Captioned web images
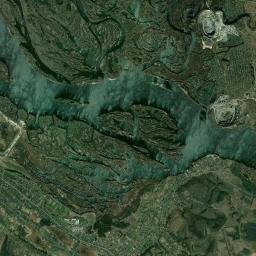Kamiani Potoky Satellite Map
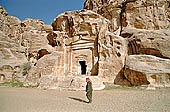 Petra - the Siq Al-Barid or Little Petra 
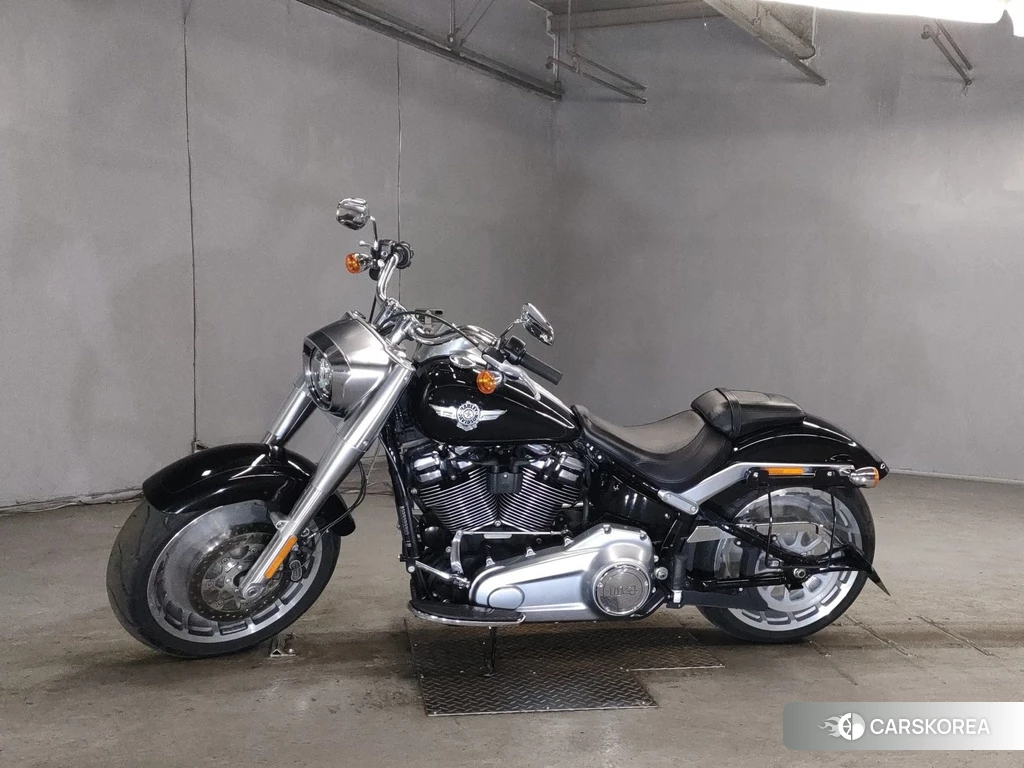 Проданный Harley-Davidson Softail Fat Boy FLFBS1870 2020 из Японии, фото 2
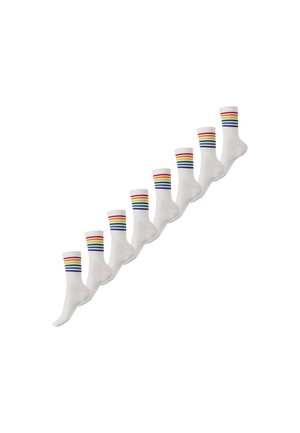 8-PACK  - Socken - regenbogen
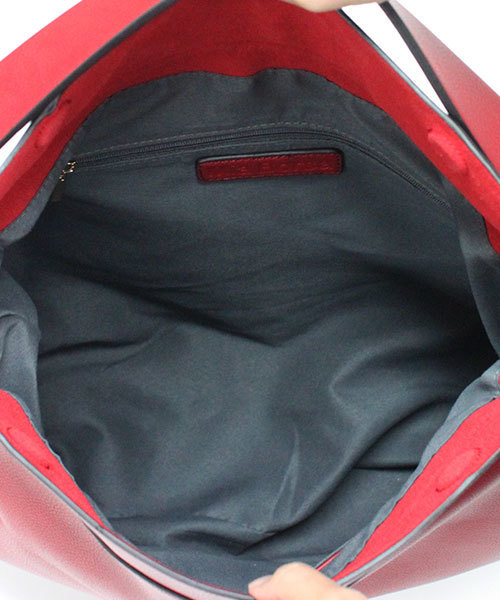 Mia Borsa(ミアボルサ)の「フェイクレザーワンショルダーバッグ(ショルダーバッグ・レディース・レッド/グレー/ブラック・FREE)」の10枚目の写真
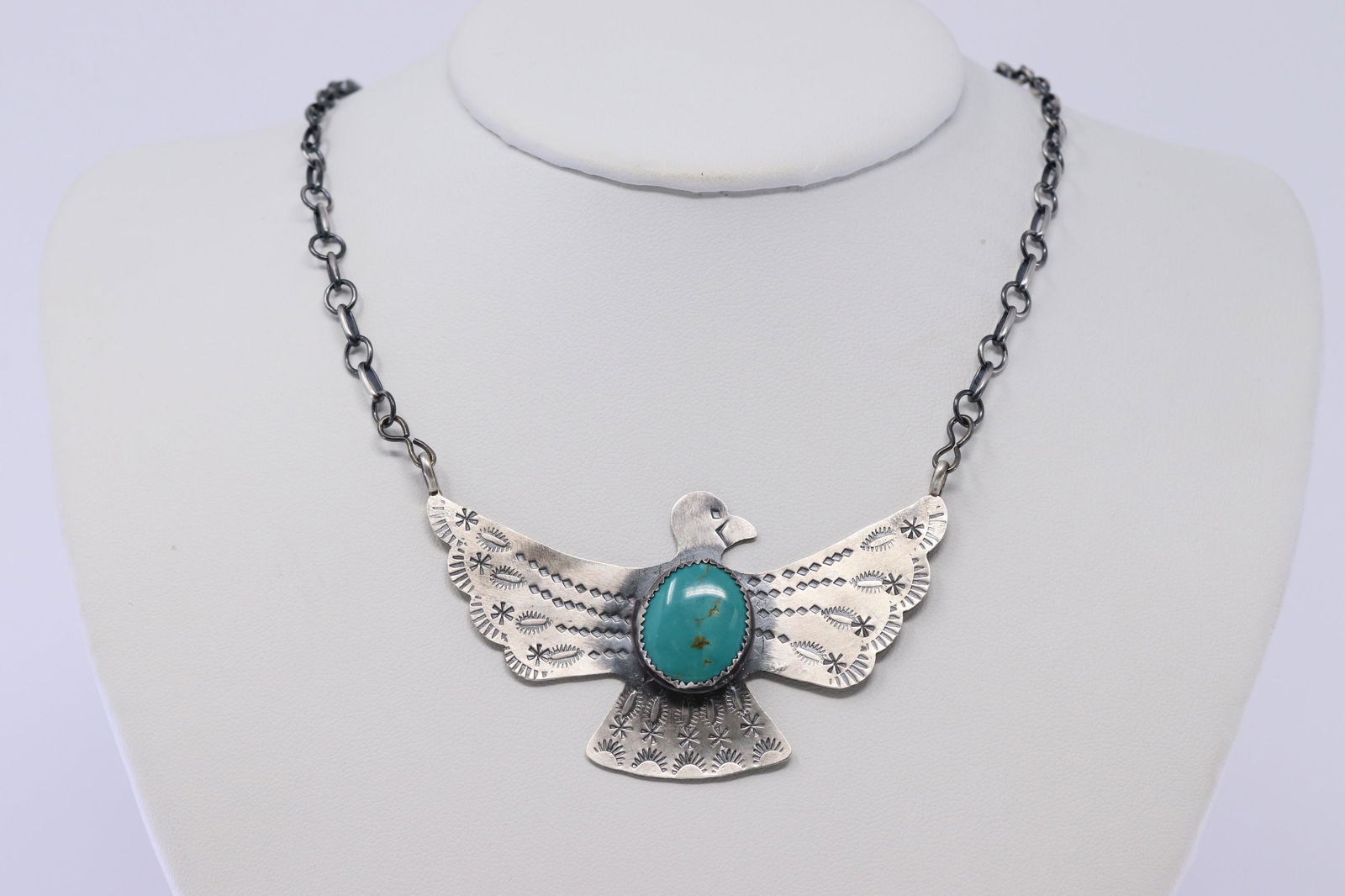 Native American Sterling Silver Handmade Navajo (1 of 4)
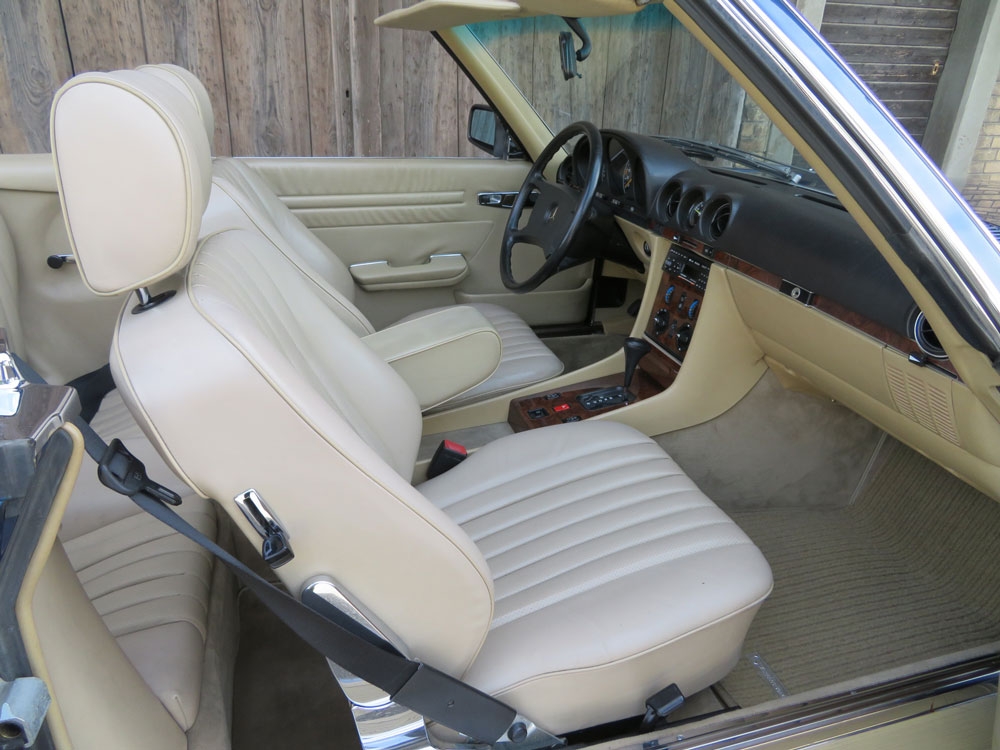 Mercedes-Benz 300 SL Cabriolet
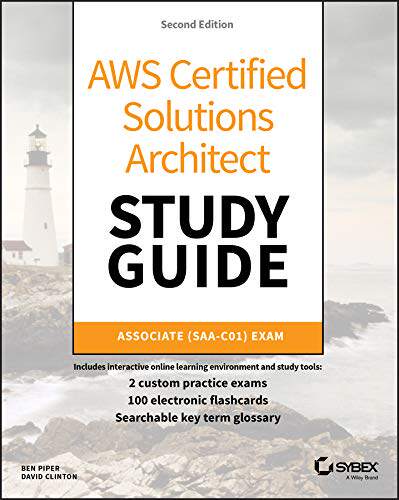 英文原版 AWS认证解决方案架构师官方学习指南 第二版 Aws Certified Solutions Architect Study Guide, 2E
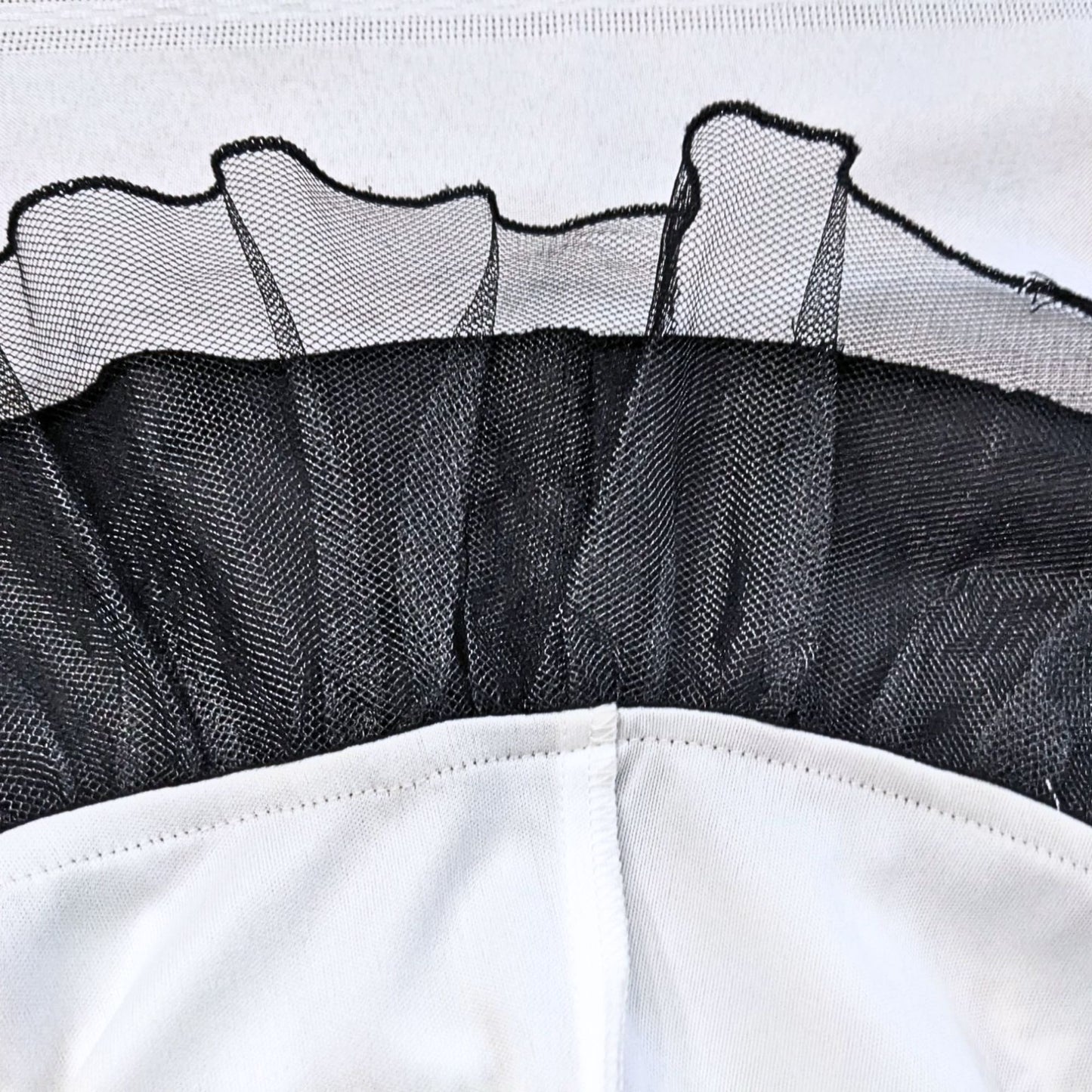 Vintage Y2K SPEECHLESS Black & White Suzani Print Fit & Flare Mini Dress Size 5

- _DIRECTIONS_:
Needed here is only the span from the line with "英文原版 AWS认证解决方案架构师官方学习指南 第二版" through the last line of the entries, copied exactly with both ends and without pictures.

- _ANSWER BELOW_:
 英文原版 AWS认证解决方案架构师官方学习指南 第二版 Aws Certified Solutions Architect Study Guide, 2E
 Vintage Y2K SPEECHLESS Black & White Suzani Print Fit & Flare Mini Dress Size 5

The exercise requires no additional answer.